On Sat, Mar 30, 2019 at 7:32 PM Tom Forbes <t...@tomforb.es> wrote:

> I’m a stats nerd, and I think I’m not alone on this list in that respect,
> would it be possible to share some more numbers after a week of usage? I
> would be interested in the total bandwidth used/saved, the global
> distribution of requests and the average requests per second. If I remember
> correctly fastly has a fantastic live dashboard with all of this info.
>

For static, I think we'll end up using just under 300 GB a month, or about
a quarter of the total bandwidth served by this particular server (which
also handles most other djangoproject.com subdomains). I'll see if I can
collect some slightly more interesting numbers after a week or two.

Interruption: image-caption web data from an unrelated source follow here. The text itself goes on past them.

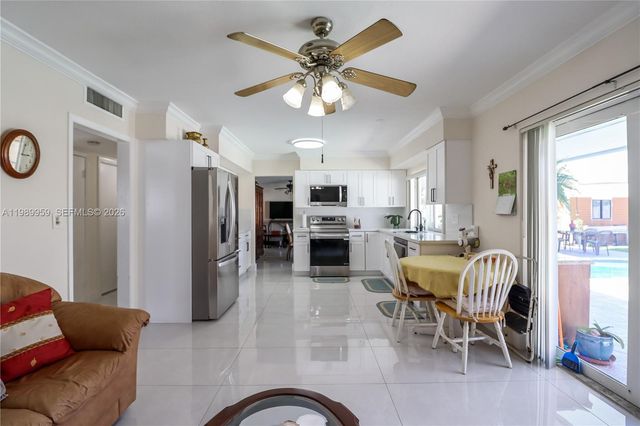 10941 SW 180th St, Miami, FL 33157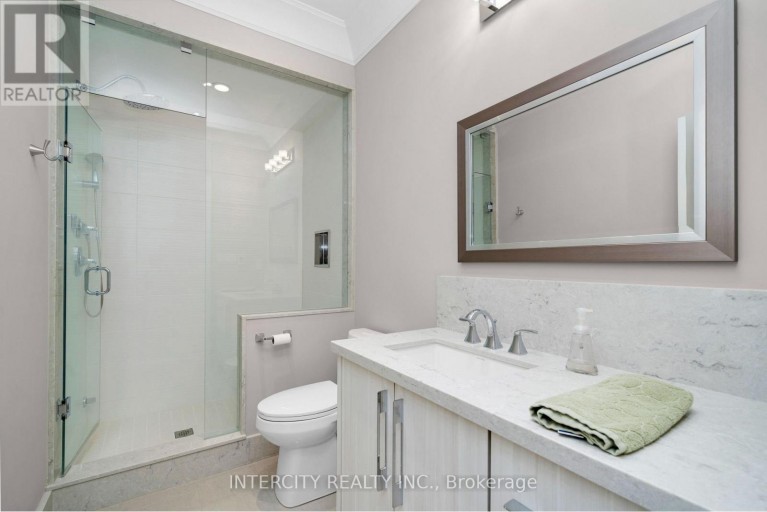 34 ROSEBUD COURT, Vaughan (Kleinburg), Ontario, L0J1C0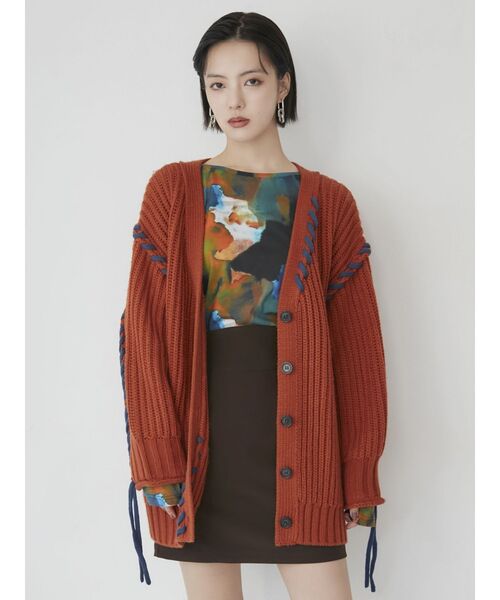 MURUA（ムルーア）の「サムホールトップス【WEB限定ロンTEE】（Tシャツ/カットソー・レディース・ホワイト/ブラック/ダークブラウン/ピンク/イエロー/ブルー/その他1・FREE）」の14枚目の写真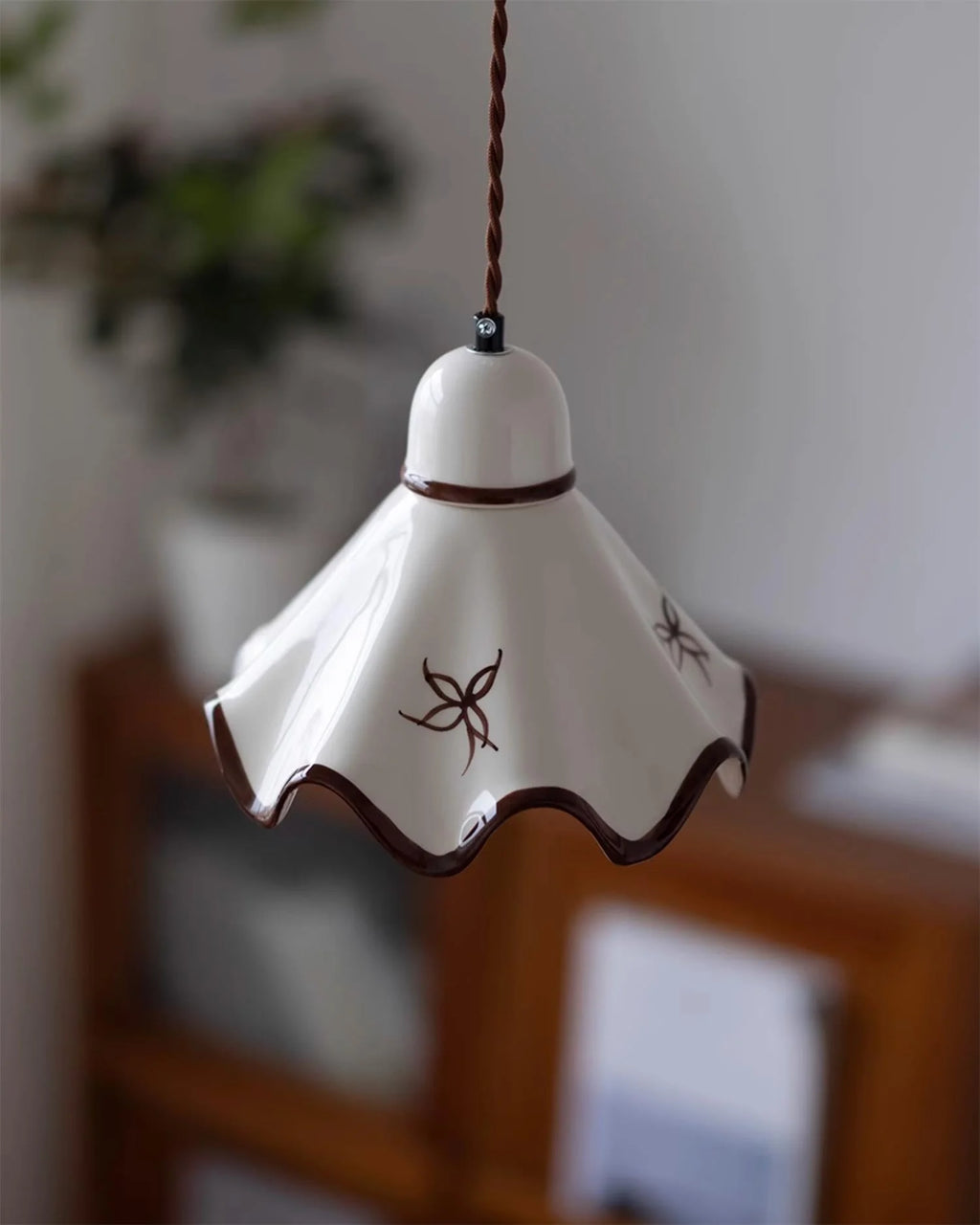 Pendant Lamp | Wavy Ceramic Shade & Dimmer-Compatible | Two Sizes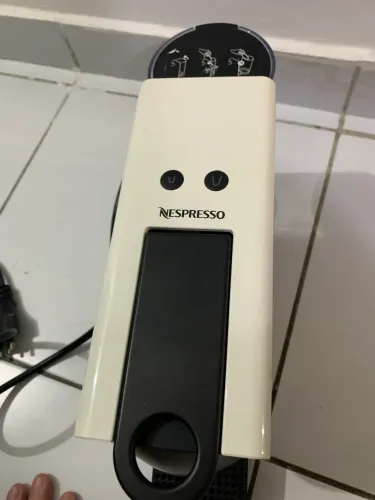 Cafeteira Nespresso Branca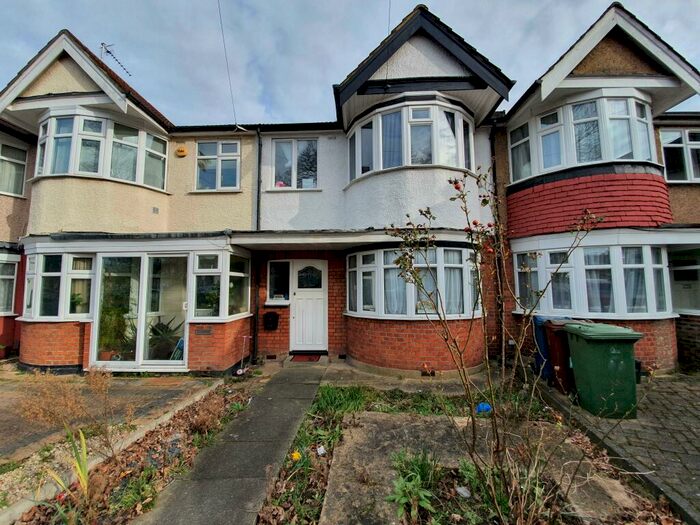 3 Bedroom Property To Rent In Ravenswood Crescent, HA2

I’m not entirely clear on the HTTP/2 issue, does Fastly not terminate these
> and forward on http 1.1 requests? Could you elaborate a bit?
>

HTTP/2 supports connection coalescing
<https://daniel.haxx.se/blog/2016/08/18/http2-connection-coalescing/>,
where the browser (with varying degrees of aggressiveness, depending on the
manufacturer) may reuse existing connections for different subdomains. In
our case, Fastly originally provisioned a wildcard SSL cert ('*.
djangoproject.com'), so *we think* that some versions of Firefox were
reusing HTTP/2 connections originally established for
static.djangoproject.com for requests to www.djangoproject.com, *even
though* there was no overlap in IPs for the two domains. In the browser
(courtesy of Mariusz) it looked like this:

[image: Screenshot_20190320_113825.png]
Clicking on the cert icon showed the wildcard cert from Fastly, not our
Let's Encrypt cert, as well. In other words, it appeared Firefox was
ignoring DNS for www.djangoproject.com and assumed that it could send those
requests to static.djangoproject.com instead, simply because the server
responded with an SSL certificate that matched www.djangoproject.com. I.e.,
it appeared to be *even more aggressive* than described under "The Firefox
way" in the link above.

I find this explanation entirely dissatisfying (if not altogether
frightening), so part of me hopes I've got it wrong. :-\

In any case, after requesting that Fastly de-provision the wildcard cert
and include only the specific domains we needed, the issue went away. There
is an HTTP status code (421) that can be used to tell the browser it's made
such an error, so I believe we also could have solved this by setting up a
catchall service in Fastly to return HTTP 421 for any requests received on
subdomains we weren't expecting. But avoiding the spurious requests to
begin with seemed like a better solution, and provisioning certs only for
the domains we need is cleaner to begin with and seems to have fixed the
problem.

I was never able to reproduce this in Firefox myself, but I did see
evidence of it occurring insofar as we *also* started getting a very small
number of requests to the '*docs*.djangoproject.com' service in Fastly
after changing the DNS for '*static*.djangoproject.com.' Of course, no one
would have noticed these because the requests returned successfully, but
they should not have been going through Fastly (until the DNS was changed
for 'docs', of course). Mariusz may be able to add something about the
when/how he saw this; I do think it was fairly intermittent. Anyways, I'm
pretty sure this would have gone undiagnosed for weeks if not months if he
had not noticed and alerted us to the issue (causing all sorts of
frustration and confusion in the meantime), so thank you again, Mariusz!